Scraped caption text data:
----

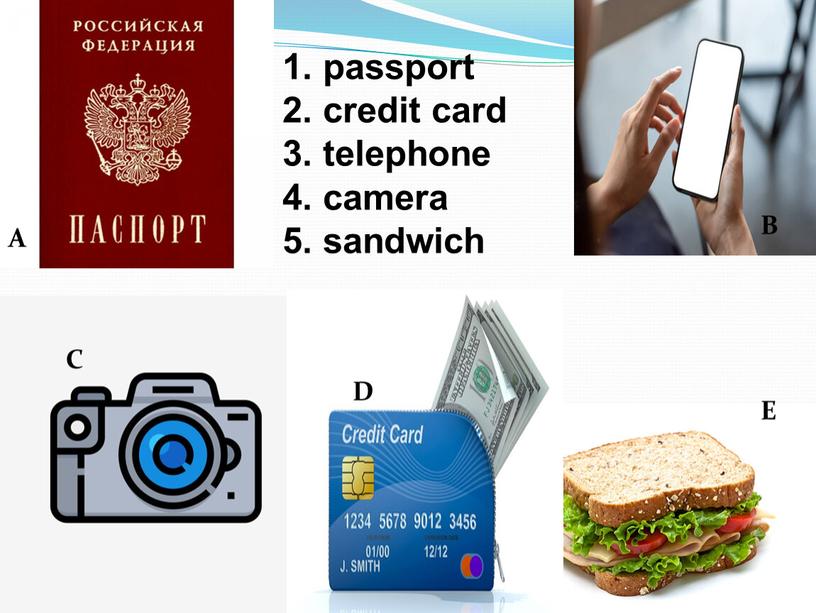 1. passport 2. credit card 3. telephone 4. camera 5. sandwich А D С В E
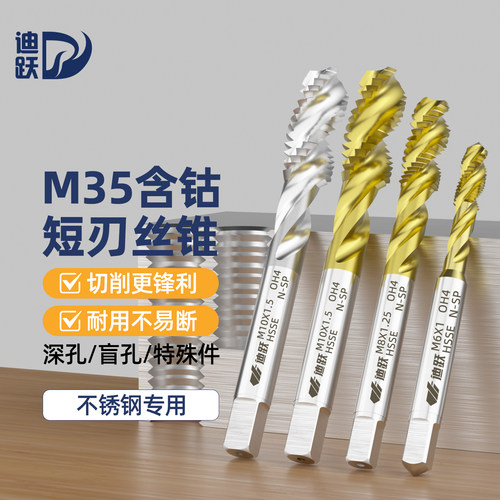 迪跃m35含钴短刃丝锥深盲孔专用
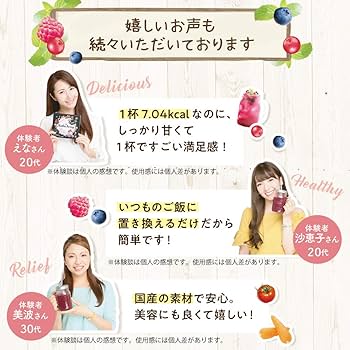 Amazon.co.jp: Rakuberry ( ラクベリー ) [ スムージー 置き換え 酵素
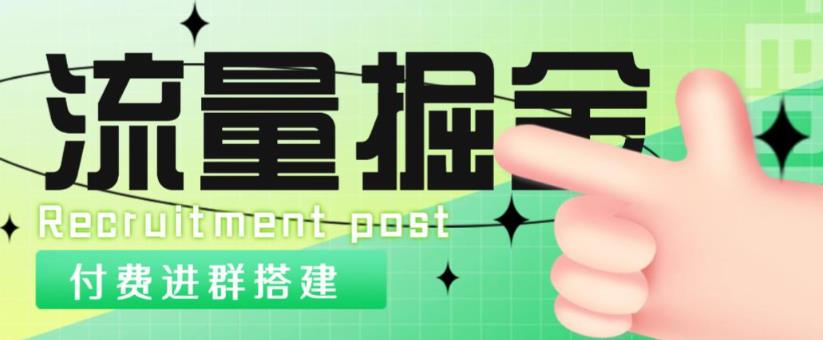 外面1800的流量掘金付费进群搭建+最新无人直播变现玩法【全套源码+详细教程】-林文副业站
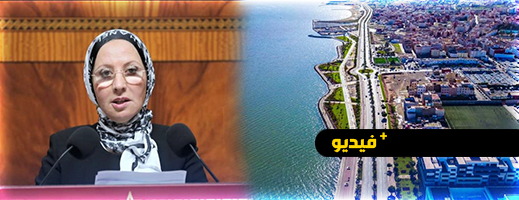 شاهدوا.. النائبة البرلمانية خينيتي تسائل الحكومة عن مآل قطاع السياحة في الناظور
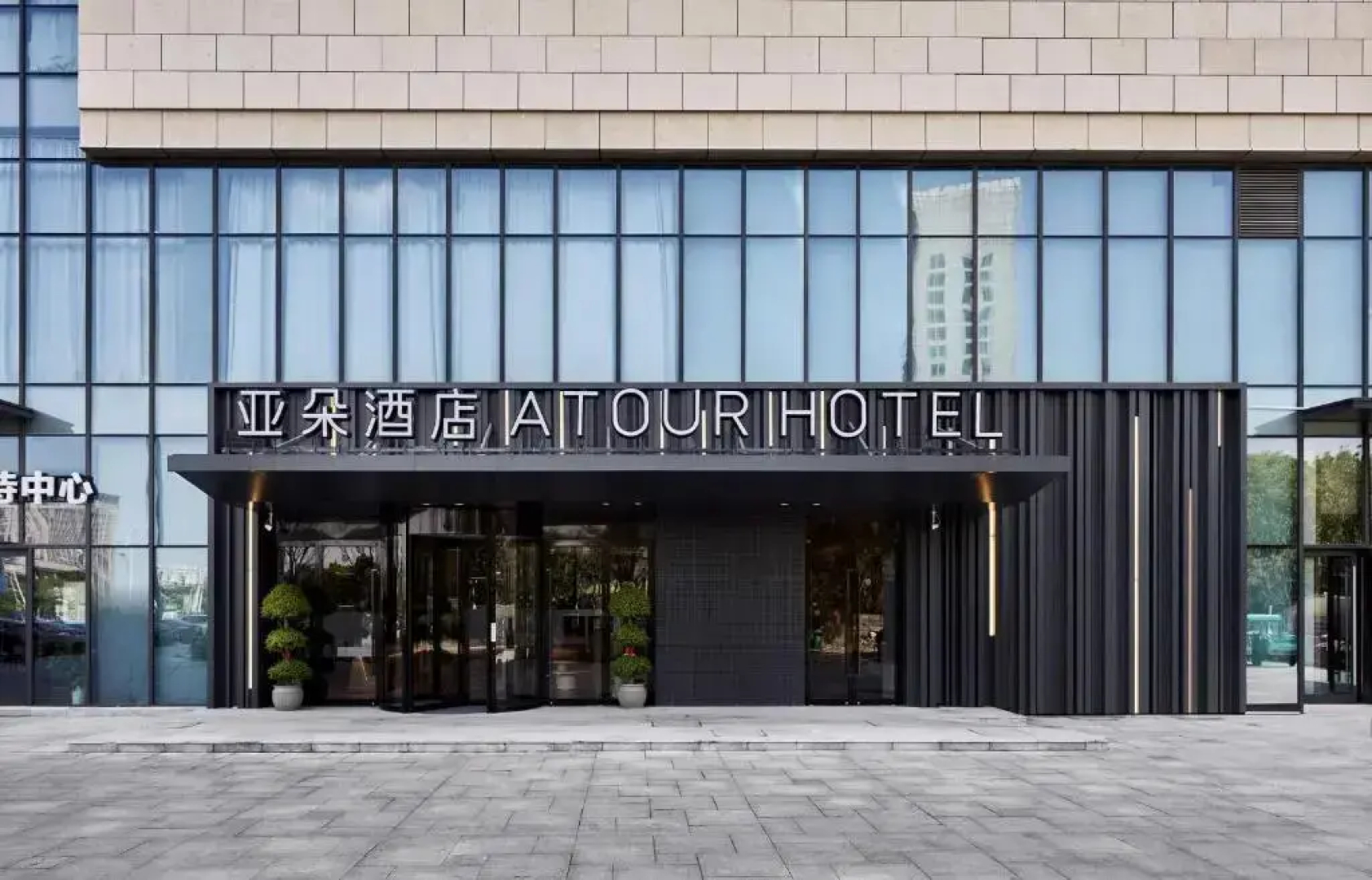 Atour Hotel Taixing Municipal Government Drum Tower Xintiandi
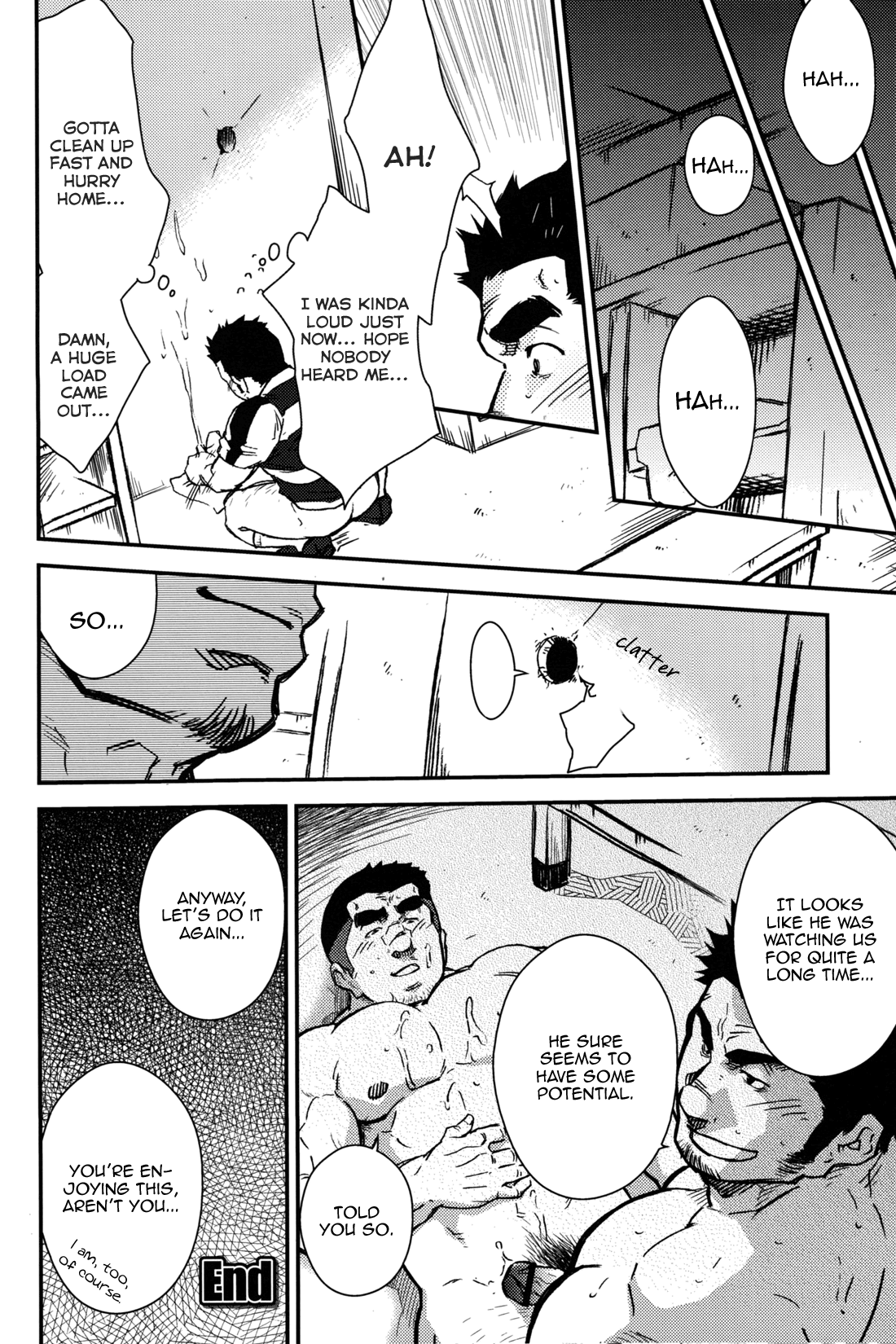 Shushou no Ana | The Captain's Hole page 8 full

----

- EXERCISE DETAILS
What you give back should match the entries above exactly, except that pictures are dropped.

- SOLUTION BELOW
 1. passport 2. credit card 3. telephone 4. camera 5. sandwich А D С В E
 迪跃m35含钴短刃丝锥深盲孔专用
 Amazon.co.jp: Rakuberry ( ラクベリー ) [ スムージー 置き換え 酵素
 外面1800的流量掘金付费进群搭建+最新无人直播变现玩法【全套源码+详细教程】-林文副业站
 شاهدوا.. النائبة البرلمانية خينيتي تسائل الحكومة عن مآل قطاع السياحة في الناظور
 Atour Hotel Taixing Municipal Government Drum Tower Xintiandi
 Shushou no Ana | The Captain's Hole page 8 full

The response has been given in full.